Nos últimos 11 meses de guerra tenho reflectido muito sobre totalitarismo, ditadores e quem com eles colabora. E recorro tantas vezes ao exemplo alemão.
Quando, em Outubro de 1966, se abriram os portões da prisão de alta segurança de Berlim-Spandau, as luzes cegaram Albert Speer. Dezenas de jornalistas e milhares de populares esperavam o arquitecto e ministro do Armamento de Hitler como se fosse uma estrela pop. Cumpridos os 20 anos de pena a que fora sentenciado em Nuremberga por crimes de guerra e contra a humanidade, Speer viria a tornar-se, até à sua morte, em 1981, uma das grandes figuras da sociedade alemã ocidental. Era, parafraseando o semanário Der Spiegel, “o ex-nazi preferido dos cidadãos”. As suas memórias, publicadas em 1969, e os diários de Spandau, de 1975, contam-se, com mais de um milhão de exemplares vendidos, entre as obras mais lidas na Alemanha. Mesmo no filme de Oliver Hirschbiegel “A Queda”, é apresentado como um “gentleman nazi”. Declarou-se “culpado” em Nuremberga, mas afirmou ter “apenas uma ideia vaga” do que se passava nos campos de concentração - era um tecnocrata “apolítico”. Uma vaga ideia?
Speer tornou-se “um anjo saído do Inferno”, na expressão do seu editor Wolf Jobst Siedler, ao opor-se abertamente, nas últimas semanas de guerra, ao édito de Nero de Adolf Hitler (a destruição de todas as infra-estruturas - “o povo alemão, que se tinha revelado fraco, não merecia misericórdia”, devia, segundo o ditador, afundar-se, como o “Império dos mil anos”).
Se o número dois do regime não estaria informado do Holocausto, como poderiam outros elementos do regime estar? E o povo alemão? Que desculpa magnífica para a culpa de tantos.
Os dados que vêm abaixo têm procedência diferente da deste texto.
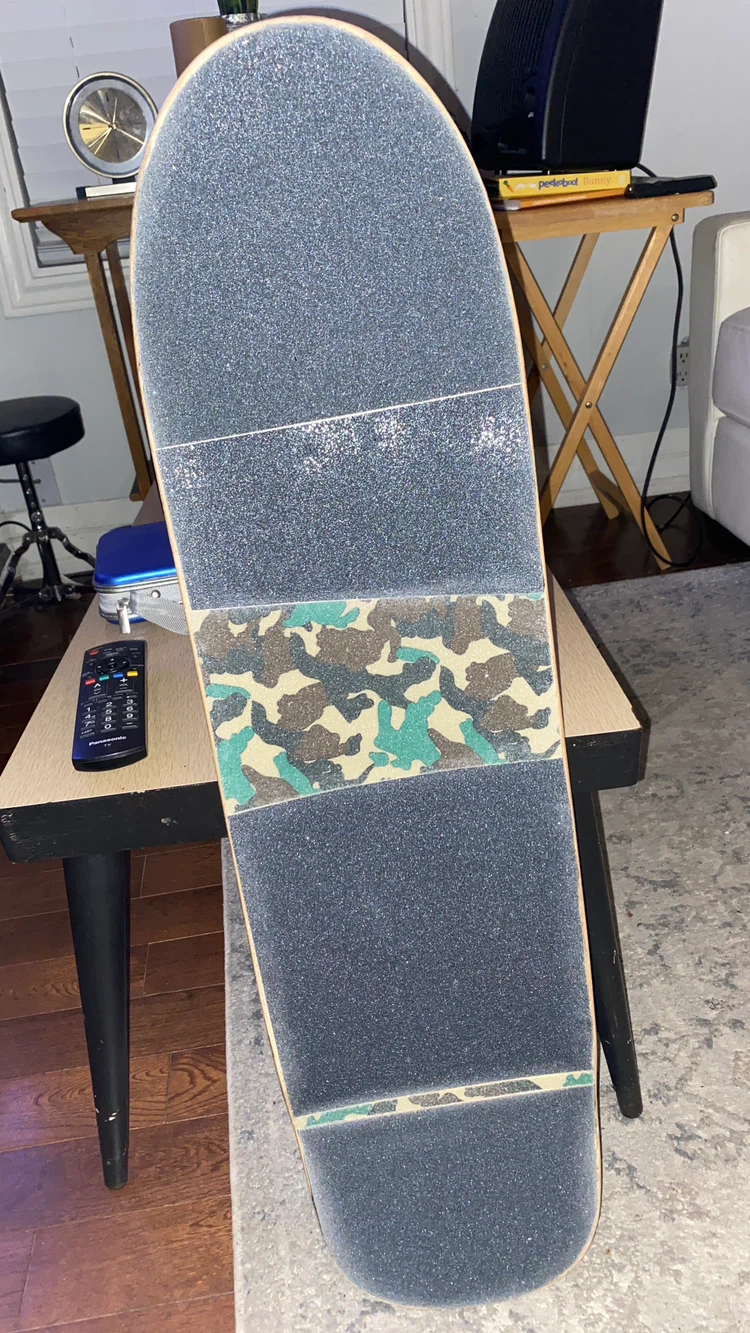 USED 9.1”x33” Skull Skates skateboard deck - photo 4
O eloquente e bem apessoado nazi conseguiu, aparentemente, a quadratura do círculo: ser colaborador leal e um amigo de Hitler quase até aos derradeiros dias e, em simultâneo, manter-se um homem íntegro. Naturalmente que este retrato foi arrasado num documentário monumental de seis horas realizado por Heinrich Breloer. Ao contrário do que afirmou em Nuremberga e durante toda a vida, o arquitecto de Hitler não só tinha conhecimento do universo concentracionário como contribuiu directamente para a construção do campo de Auschwitz, tomou a iniciativa de deportar judeus berlinenses e enriqueceu graças à arianização de bens judaicos. Sem o talento organizativo de Albert Speer e a exploração do trabalho escravo ao serviço da construção de armamento, a guerra poderia ter terminado no final de 1943. No final de 1944, meio milhão de escravos produziam maquinaria bélica nazi. Para proteger a indústria de armamento dos bombardeamentos aliados, Speer decretou que se fabricassem armas em grutas subterrâneas. Um registo de 21 de Maio de 1943 refere-se ao “Programa Professor Speer”, destinado a transformar Auschwitz num campo de extermínio. Nesse documento, no qual Speer traçou copiosas notas, nas margens e sobre o texto, é explícita, sem ambiguidades, a vocação do Lager (campo de concentração). Se estes dados fossem conhecidos em Nuremberga, a sentença teria tido outro teor. Questionado pelo seu editor Wolf Jobst Siedler sobre o que faria se tivesse a escolha entre ser apenas um arquitecto de Heidelberg ou seguir o seu percurso de vida novamente, Albert Speer respondeu: “Faria tudo de novo. De novo a glória, de novo a vergonha, de novo o crime e a entrada nos livros de História.” Faz-nos reflectir, não faz?
Mala diplomática a subir
O Presidente da Ucrânia sublinhou, em mensagem de vídeo, nesta sexta-feira, 27 de Janeiro, que é também o Dia da Memória do Holocausto e em que se assinala o 78.º aniversário da libertação de Auschwitz-Birkenau, que “o ódio e a indiferença matam”. Zelenski, que é judeu, prestou homenagem aos milhares de judeus ucranianos mortos pela treva nazi.
Mala diplomática a descer
Portugal tem 37 tanques Leopard A6, mas a maior parte estará kaputt, inoperacional, noticia a edição desta sexta-feira do Expresso, que cita fontes do Exército. A maioria destes carros de combate estão no “nível vermelho de operacionalização”, segundo uma escala utilizada pela NATO para averiguar a prontidão dos equipamentos a serem utilizados em combate. Será esta a explicação para os avanços e recuos do governo português no envio de carros de combate portugueses para a Ucrânia?